Par Abdoulaye DIENG, entrepreneur
Le Sénégal peine à se relever d’une longue période de dégradation. Les séquelles de la dernière gouvernance sont profondes : une corruption endémique, le détournement massif des deniers publics, une économie affaiblie, une société désorientée. Si le régime de Macky Sall a considérablement aggravé la crise, il serait injuste de lui en imputer seul la responsabilité. La descente vertigineuse avait déjà été amorcée dès l’ère libérale introduite par le président Abdoulaye Wade. Depuis plus de vingt ans, notre pays est prisonnier d’un système qui confisque les richesses, détruit les valeurs et érige la prédation en facteur de réussite.

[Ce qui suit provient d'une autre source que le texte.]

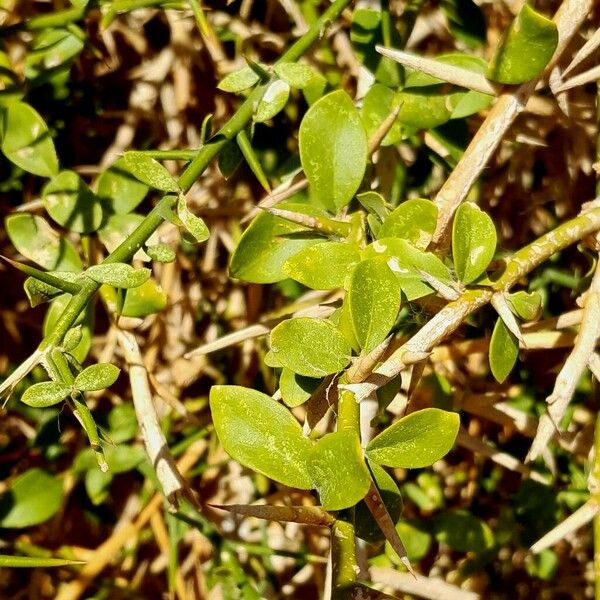 Balanites aegyptiaca Leaf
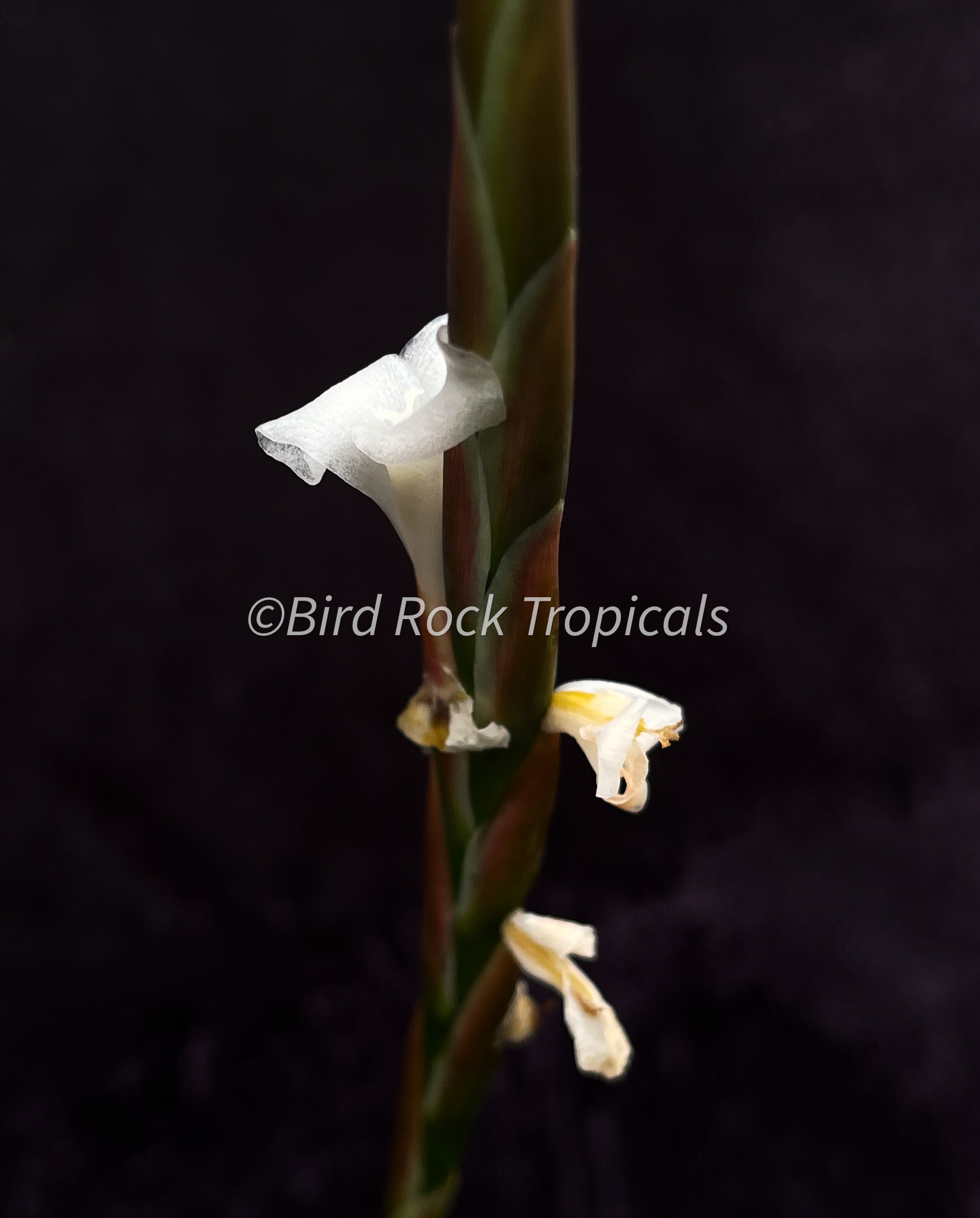 Tillandsia barfussii - Bird Rock Tropicals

Notre économie repose sur une structure aussi déséquilibrée qu’inefficace, conçue non pour le progrès collectif mais pour l’enrichissement d’une élite nationale et d’intérêts étrangers. Les ressources naturelles sont bradées dans l’opacité, exportées sans valeur ajoutée. Les grandes affaires sont contrôlées par des capitaux extérieurs bénéficiant d’exonérations fiscales injustifiées, avec pour seule contrepartie quelques emplois précaires. Pendant ce temps, l’entrepreneur engagé, créateur d’emplois et de valeur, est marginalisé, étranglé par un environnement miné par les passe-droits, les connivences politiques et un patronat dépassé, davantage attaché à ses rentes qu’à toute dynamique de transformation. L’État, au lieu d’assumer un rôle stratégique, s’est réduit à un simple guichet captif au service de groupes de pression. Nos maigres ressources publiques servent ainsi à nourrir un système de rente inefficace.
Dans l’ombre de cette économie de prédation, un système informel tentaculaire s’est enraciné — créé et entretenu par des agents de l’État complices et des politiciens véreux, nourri par la corruption et le détournement de fonds publics. Ce réseau alimente des circuits parallèles, détourne des marchés, brade des biens publics et s’associe à des profils soigneusement choisis : peu qualifiés, sans repères éthiques, mais obéissants, discrets, audacieux et bien introduits. Ces hommes du système agissent comme relais d’un mécanisme de prédation parfaitement huilé. Les fonds ainsi captés circulent dans un cercle fermé : une partie est redistribuée à des figures d’influence — religieux, communicateurs traditionnels, journalistes, notables — pour acheter le silence et entretenir l’illusion d’un statut. Le reste est investi dans l’immobilier ou dans l’importation de voitures de luxe, sans impact durable sur l’économie réelle. Le plus révoltant, c’est que cette richesse, souvent mal acquise, est aussi éphémère que superficielle.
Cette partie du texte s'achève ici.